◆ **Work required**
Of the material below, the lines to be retyped are those from the line containing "Before and after" through the line containing "Immunohistochemical staining of", inclusive; reproduce them exactly.

◆ **Data**
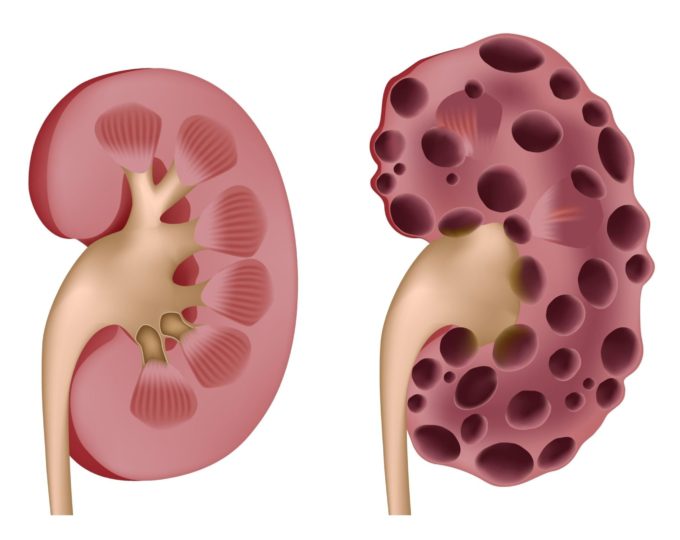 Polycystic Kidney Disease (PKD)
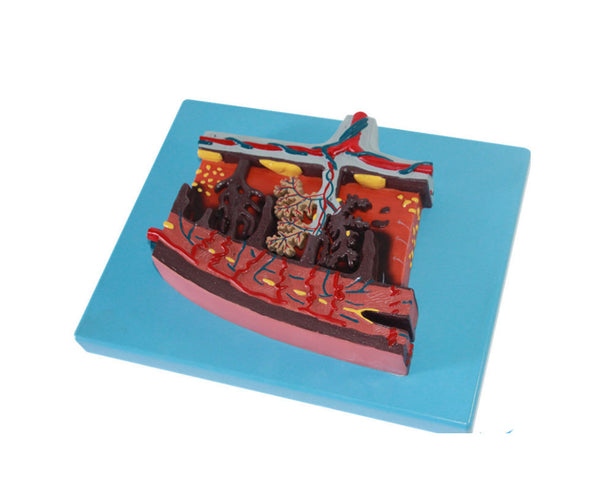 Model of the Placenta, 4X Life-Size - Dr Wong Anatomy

...

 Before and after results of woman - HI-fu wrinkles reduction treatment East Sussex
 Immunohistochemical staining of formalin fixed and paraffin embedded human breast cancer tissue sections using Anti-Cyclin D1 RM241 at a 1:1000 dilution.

---

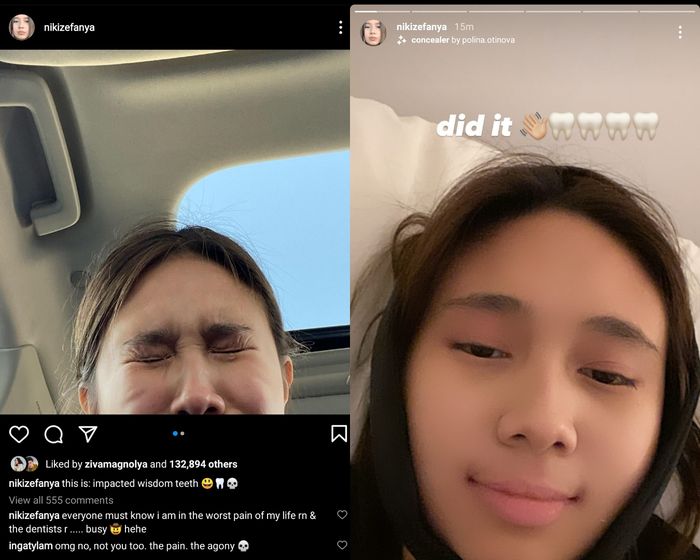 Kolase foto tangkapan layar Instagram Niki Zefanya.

◆ **Result for this exercise**
 Before and after results of woman - HI-fu wrinkles reduction treatment East Sussex
 Immunohistochemical staining of formalin fixed and paraffin embedded human breast cancer tissue sections using Anti-Cyclin D1 RM241 at a 1:1000 dilution.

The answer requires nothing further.